Après quelques mois de pourparlers entre des ministres de son gouvernement et des provinces, M. Trudeau a convoqué ses homologues à une rencontre à Ottawa pour leur soumettre une offre finale d’une hausse moyenne des transferts d’environ 4,6 milliards de dollars par année au cours de la prochaine décennie. Les provinces réclamaient une hausse de 28 milliards par année.

Pour régler la crise du logement qui sévit au pays, le gouvernement Trudeau doit obtenir le concours des provinces et des municipalités. En insistant sur les investissements dans les infrastructures et le logement, les provinces pourraient forcer la main au premier ministre.

D’autant que le chef du Parti conservateur, Pierre Poilievre, a fait de la crise du logement un enjeu national et qu’il tient le gouvernement Trudeau responsable de cette crise. Le Parti conservateur détient une avance de 7 à 10 points sur les libéraux de Justin Trudeau dans les intentions de vote, selon une série de sondages publiés au cours des trois derniers mois.

« Les provinces et les territoires sont les mieux placés pour comprendre les besoins particuliers qui existent sur les plans régional, municipal et local, et possèdent l’expertise nécessaire à la prise en charge des priorités des Canadiens en matière d’infrastructures, dans nos provinces et nos territoires respectifs », souligne M. Houston, qui prend le relais de la première ministre du Manitoba, Heather Stefansen, à la présidence du Conseil de la fédération pour la prochaine année.
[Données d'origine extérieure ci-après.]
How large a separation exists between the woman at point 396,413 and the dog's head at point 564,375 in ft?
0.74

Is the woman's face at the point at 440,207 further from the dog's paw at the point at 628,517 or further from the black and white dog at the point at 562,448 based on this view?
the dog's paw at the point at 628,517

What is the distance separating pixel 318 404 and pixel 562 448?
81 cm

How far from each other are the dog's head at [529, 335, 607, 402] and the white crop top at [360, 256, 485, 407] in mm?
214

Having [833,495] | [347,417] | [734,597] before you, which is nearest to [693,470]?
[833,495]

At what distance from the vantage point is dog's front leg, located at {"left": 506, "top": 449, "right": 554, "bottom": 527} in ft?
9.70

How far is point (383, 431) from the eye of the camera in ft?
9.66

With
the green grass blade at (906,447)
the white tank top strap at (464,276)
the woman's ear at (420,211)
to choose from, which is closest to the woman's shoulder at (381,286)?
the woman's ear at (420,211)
Le bureau de M. Trudeau n’a pas réagi jeudi à cette demande des premiers ministres des provinces. De passage à Toronto, où elle a rencontré une famille pour discuter du dossier du logement, la ministre des Finances, Chrystia Freeland, a dit souhaiter que l’on s’attaque à cette crise en adoptant l’attitude « Team Canada », comme cela a été fait lors des négociations visant à moderniser l’Accord de libre-échange nord-américain avec l’administration Trump.

« Je pense que c’est une très bonne chose que l’économie canadienne soit en croissance et que la population du Canada augmente. Mais il est vrai que l’offre de logements ne suit pas et notre gouvernement se concentre absolument sur la collaboration avec les provinces et les municipalités pour faire construire plus de maisons au Canada », a-t-elle commenté.

Les leaders provinciaux souhaitent que cette rencontre au sommet ait lieu avant qu’Ottawa annonce la nouvelle mouture de son programme d’infrastructures cet automne et que l’on tienne aussi compte de la hausse de l’inflation qui contribue à faire monter en flèche les coûts de construction.

« Les provinces et les territoires sont confrontés à une augmentation sans précédent des coûts des projets et des initiatives en la matière, en raison notamment des enjeux liés aux chaînes d’approvisionnement et à la hausse du prix des intrants. La solution ne réside pas dans l’idée d’étirer les fonds disponibles pour couvrir les coûts en diminuant l’ampleur des projets ou en les reportant », a plaidé M. Houston.